### WORK ITEM
Exact reproduction of all the entries is required, without any of their pictures.

[DATASET RECORDS]

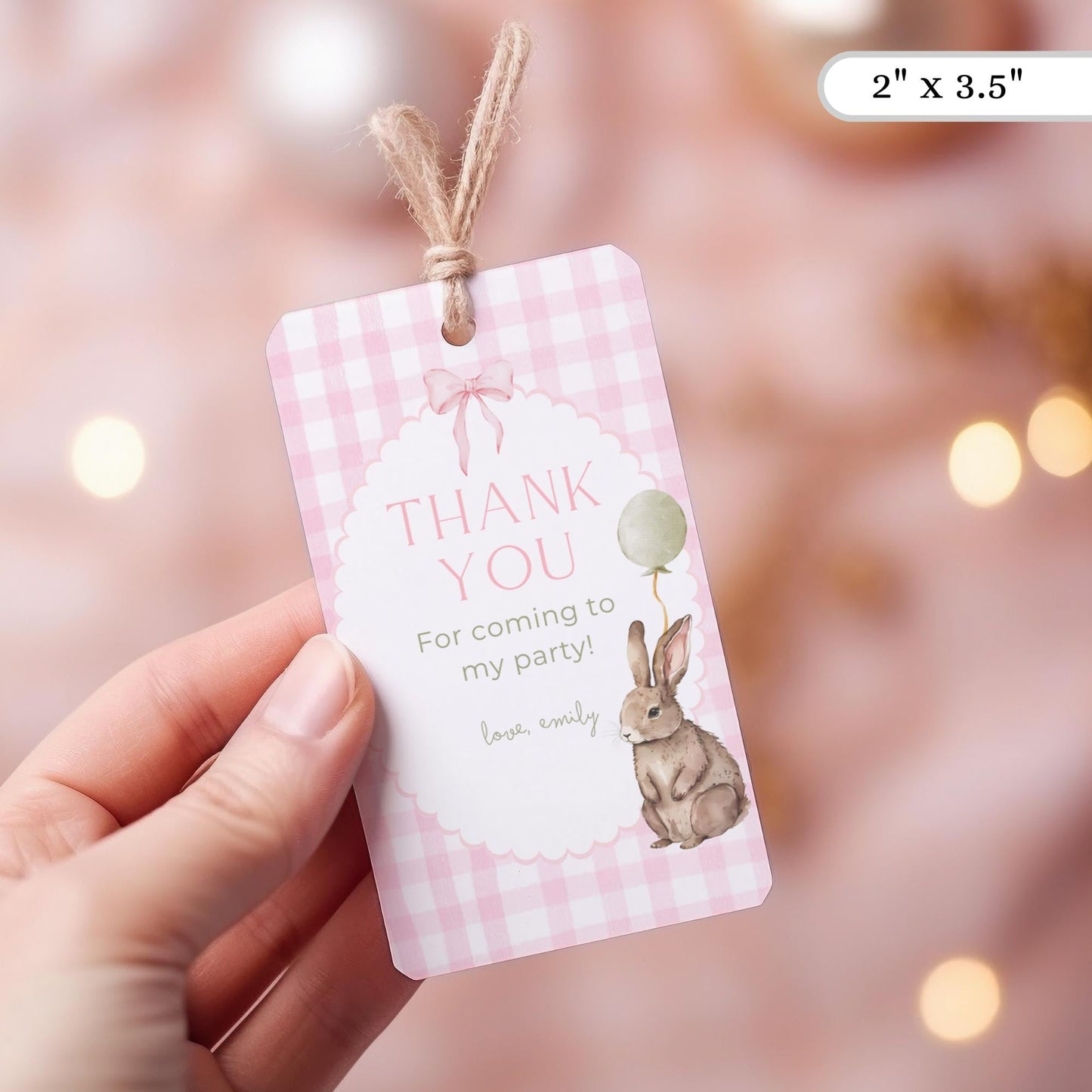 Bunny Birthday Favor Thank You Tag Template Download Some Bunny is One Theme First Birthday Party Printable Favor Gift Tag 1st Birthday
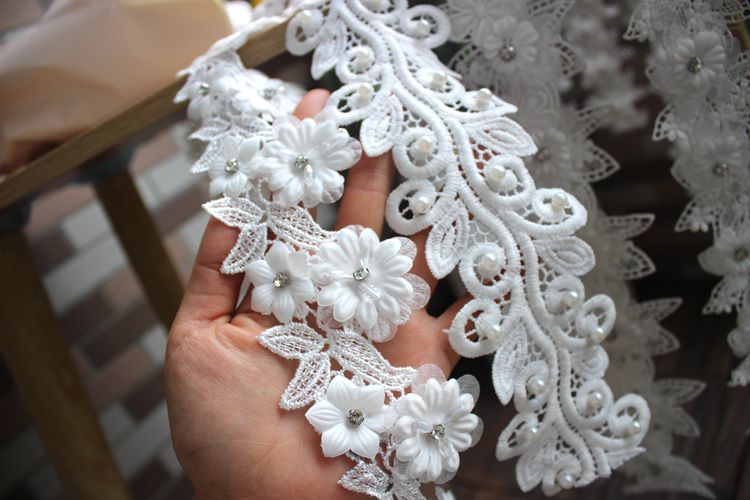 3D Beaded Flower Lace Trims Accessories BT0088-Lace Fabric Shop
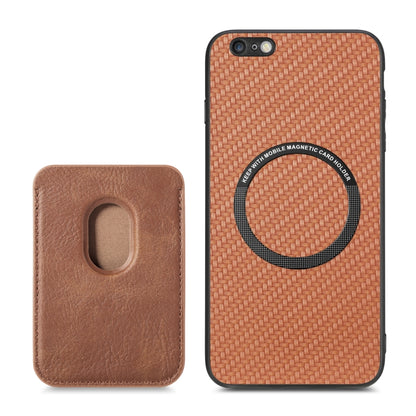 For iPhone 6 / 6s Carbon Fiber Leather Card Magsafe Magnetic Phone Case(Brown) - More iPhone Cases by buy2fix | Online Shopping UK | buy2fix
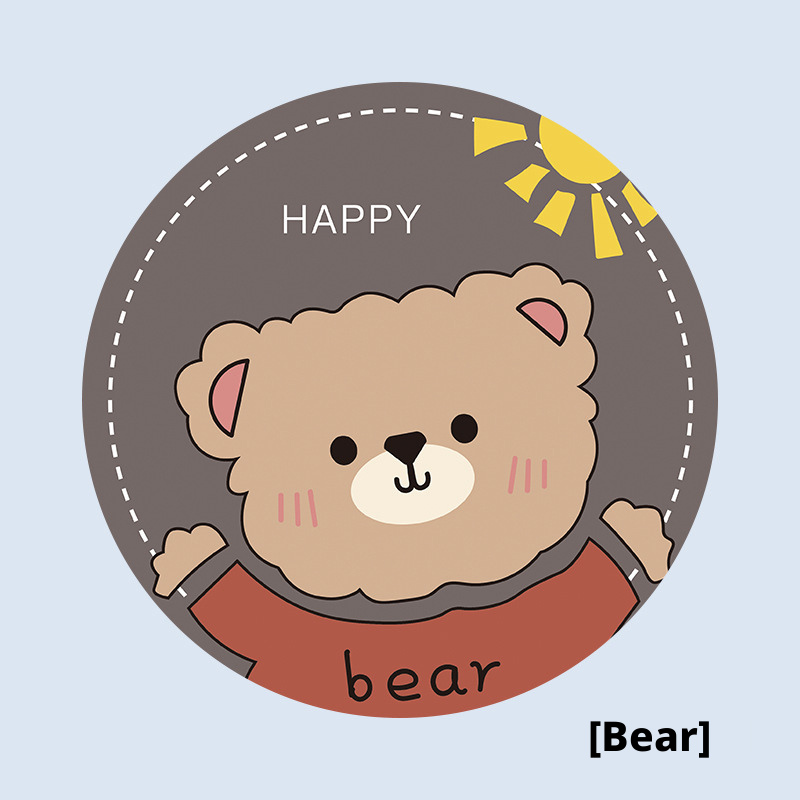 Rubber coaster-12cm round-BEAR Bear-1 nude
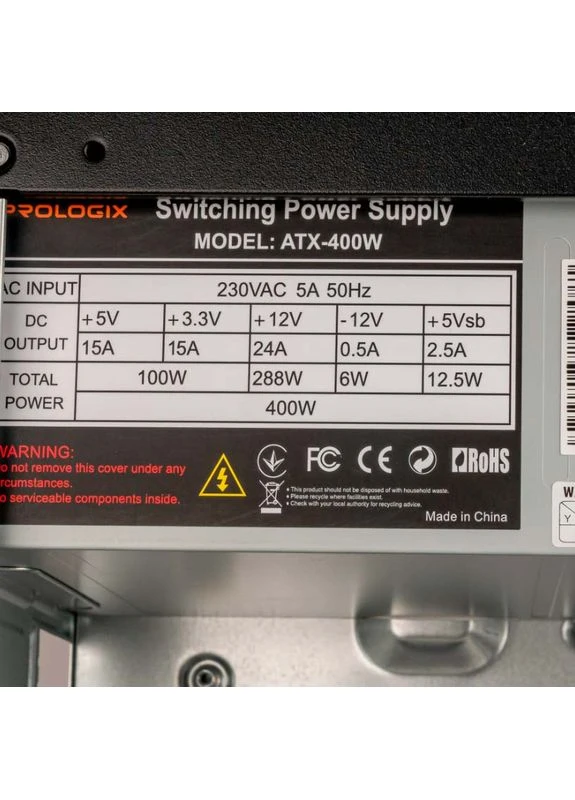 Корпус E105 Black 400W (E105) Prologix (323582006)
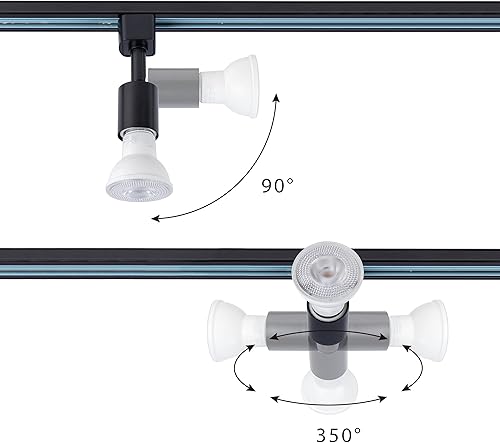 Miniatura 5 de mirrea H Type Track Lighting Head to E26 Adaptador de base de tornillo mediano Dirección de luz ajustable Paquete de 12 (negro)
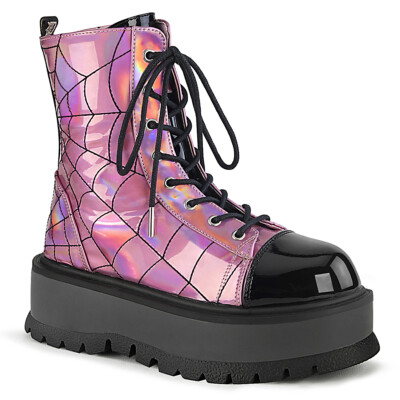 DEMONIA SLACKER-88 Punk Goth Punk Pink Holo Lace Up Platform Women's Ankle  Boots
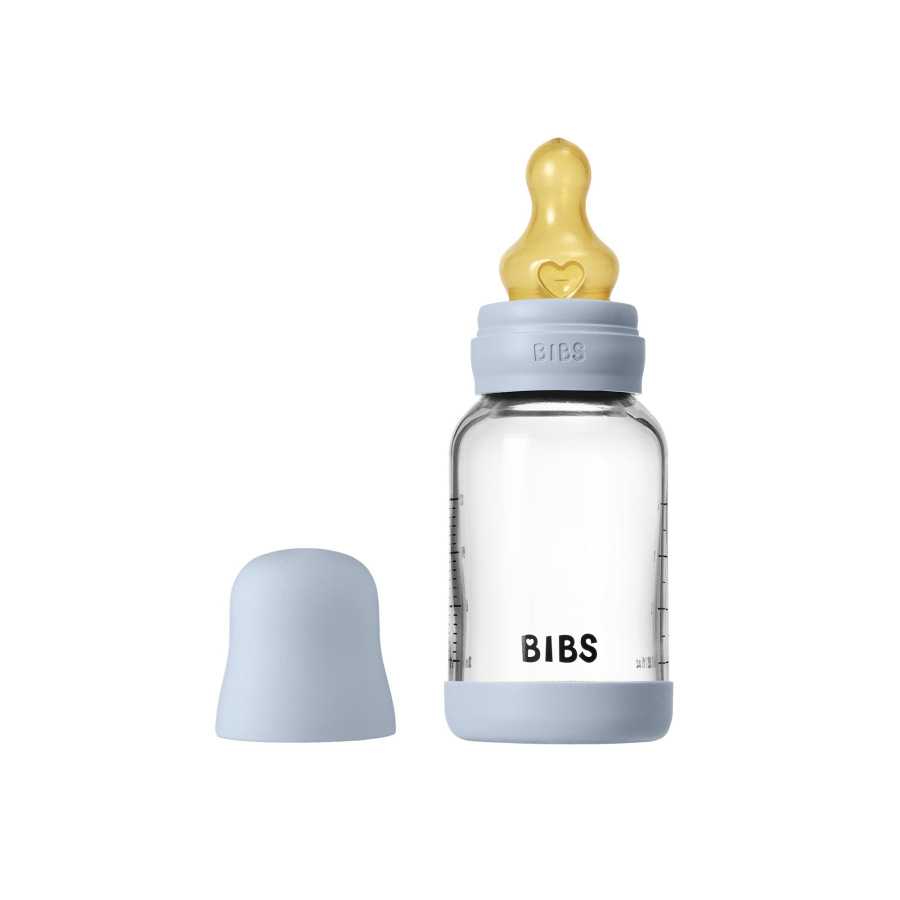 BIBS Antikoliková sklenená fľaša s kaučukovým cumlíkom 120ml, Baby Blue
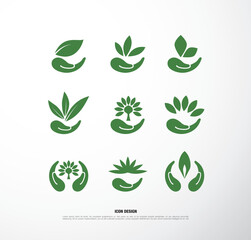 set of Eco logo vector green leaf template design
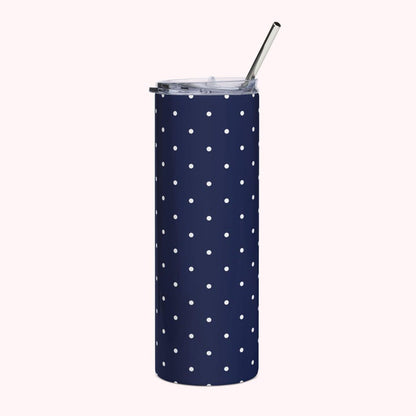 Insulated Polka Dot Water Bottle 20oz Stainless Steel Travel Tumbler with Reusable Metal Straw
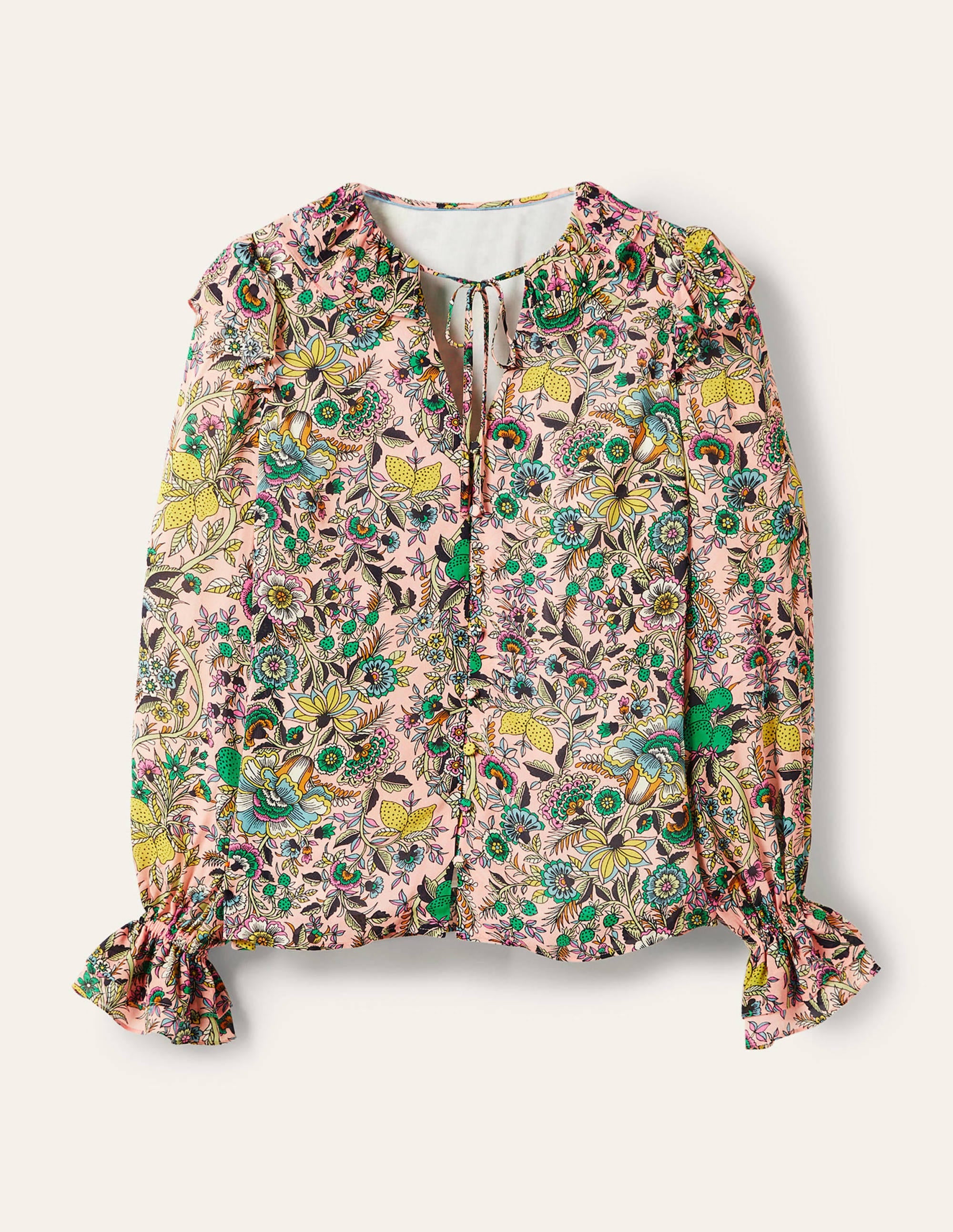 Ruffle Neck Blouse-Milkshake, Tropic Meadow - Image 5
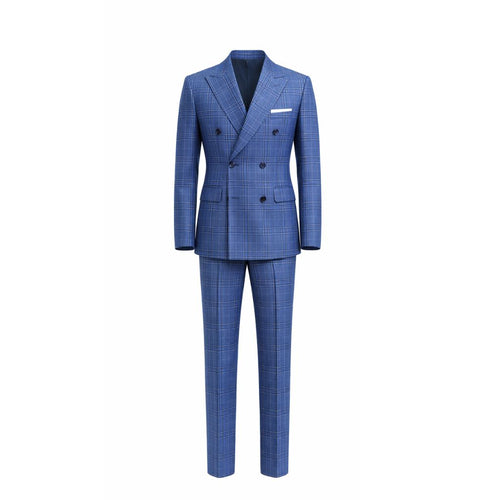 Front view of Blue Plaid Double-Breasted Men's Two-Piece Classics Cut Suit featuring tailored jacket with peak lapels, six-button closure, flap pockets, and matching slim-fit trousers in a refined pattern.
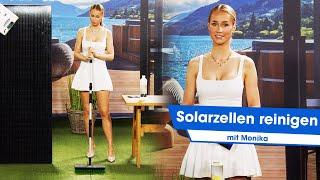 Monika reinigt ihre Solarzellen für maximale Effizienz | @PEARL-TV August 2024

[/DATASET RECORDS]

### ANSWER FOR THE TASK
 Bunny Birthday Favor Thank You Tag Template Download Some Bunny is One Theme First Birthday Party Printable Favor Gift Tag 1st Birthday
 3D Beaded Flower Lace Trims Accessories BT0088-Lace Fabric Shop
 For iPhone 6 / 6s Carbon Fiber Leather Card Magsafe Magnetic Phone Case(Brown) - More iPhone Cases by buy2fix | Online Shopping UK | buy2fix
 Rubber coaster-12cm round-BEAR Bear-1 nude
 Корпус E105 Black 400W (E105) Prologix (323582006)
 Miniatura 5 de mirrea H Type Track Lighting Head to E26 Adaptador de base de tornillo mediano Dirección de luz ajustable Paquete de 12 (negro)
 DEMONIA SLACKER-88 Punk Goth Punk Pink Holo Lace Up Platform Women's Ankle  Boots
 BIBS Antikoliková sklenená fľaša s kaučukovým cumlíkom 120ml, Baby Blue
 set of Eco logo vector green leaf template design
 Insulated Polka Dot Water Bottle 20oz Stainless Steel Travel Tumbler with Reusable Metal Straw
 Ruffle Neck Blouse-Milkshake, Tropic Meadow - Image 5
 Front view of Blue Plaid Double-Breasted Men's Two-Piece Classics Cut Suit featuring tailored jacket with peak lapels, six-button closure, flap pockets, and matching slim-fit trousers in a refined pattern.
 Monika reinigt ihre Solarzellen für maximale Effizienz | @PEARL-TV August 2024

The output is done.